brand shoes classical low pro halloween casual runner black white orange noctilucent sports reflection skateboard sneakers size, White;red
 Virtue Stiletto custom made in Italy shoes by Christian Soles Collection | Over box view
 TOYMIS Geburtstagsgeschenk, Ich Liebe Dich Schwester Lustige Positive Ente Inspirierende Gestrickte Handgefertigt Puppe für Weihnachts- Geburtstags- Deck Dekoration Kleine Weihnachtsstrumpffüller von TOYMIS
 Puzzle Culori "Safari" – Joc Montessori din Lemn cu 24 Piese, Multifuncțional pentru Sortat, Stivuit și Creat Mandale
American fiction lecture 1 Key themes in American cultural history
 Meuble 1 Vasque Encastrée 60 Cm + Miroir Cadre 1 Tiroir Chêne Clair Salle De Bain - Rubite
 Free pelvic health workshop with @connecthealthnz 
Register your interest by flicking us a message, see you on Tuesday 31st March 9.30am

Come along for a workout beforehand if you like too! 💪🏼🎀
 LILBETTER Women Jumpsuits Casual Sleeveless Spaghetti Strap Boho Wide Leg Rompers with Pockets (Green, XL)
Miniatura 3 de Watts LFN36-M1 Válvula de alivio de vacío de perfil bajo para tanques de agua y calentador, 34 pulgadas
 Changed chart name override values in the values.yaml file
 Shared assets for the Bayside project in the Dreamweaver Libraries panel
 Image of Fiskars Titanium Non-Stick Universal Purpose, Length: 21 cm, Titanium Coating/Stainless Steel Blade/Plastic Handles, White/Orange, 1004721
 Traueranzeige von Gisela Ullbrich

* * *

▸ **WORK INSTRUCTION**
Set the records down again in full, exactly as they read.

▸ **OUTPUT FOR THIS TASK**
brand shoes classical low pro halloween casual runner black white orange noctilucent sports reflection skateboard sneakers size, White;red
 Virtue Stiletto custom made in Italy shoes by Christian Soles Collection | Over box view
 TOYMIS Geburtstagsgeschenk, Ich Liebe Dich Schwester Lustige Positive Ente Inspirierende Gestrickte Handgefertigt Puppe für Weihnachts- Geburtstags- Deck Dekoration Kleine Weihnachtsstrumpffüller von TOYMIS
 Puzzle Culori "Safari" – Joc Montessori din Lemn cu 24 Piese, Multifuncțional pentru Sortat, Stivuit și Creat Mandale
American fiction lecture 1 Key themes in American cultural history
 Meuble 1 Vasque Encastrée 60 Cm + Miroir Cadre 1 Tiroir Chêne Clair Salle De Bain - Rubite
 Free pelvic health workshop with @connecthealthnz 
Register your interest by flicking us a message, see you on Tuesday 31st March 9.30am

Come along for a workout beforehand if you like too! 💪🏼🎀
 LILBETTER Women Jumpsuits Casual Sleeveless Spaghetti Strap Boho Wide Leg Rompers with Pockets (Green, XL)
Miniatura 3 de Watts LFN36-M1 Válvula de alivio de vacío de perfil bajo para tanques de agua y calentador, 34 pulgadas
 Changed chart name override values in the values.yaml file
 Shared assets for the Bayside project in the Dreamweaver Libraries panel
 Image of Fiskars Titanium Non-Stick Universal Purpose, Length: 21 cm, Titanium Coating/Stainless Steel Blade/Plastic Handles, White/Orange, 1004721
 Traueranzeige von Gisela Ullbrich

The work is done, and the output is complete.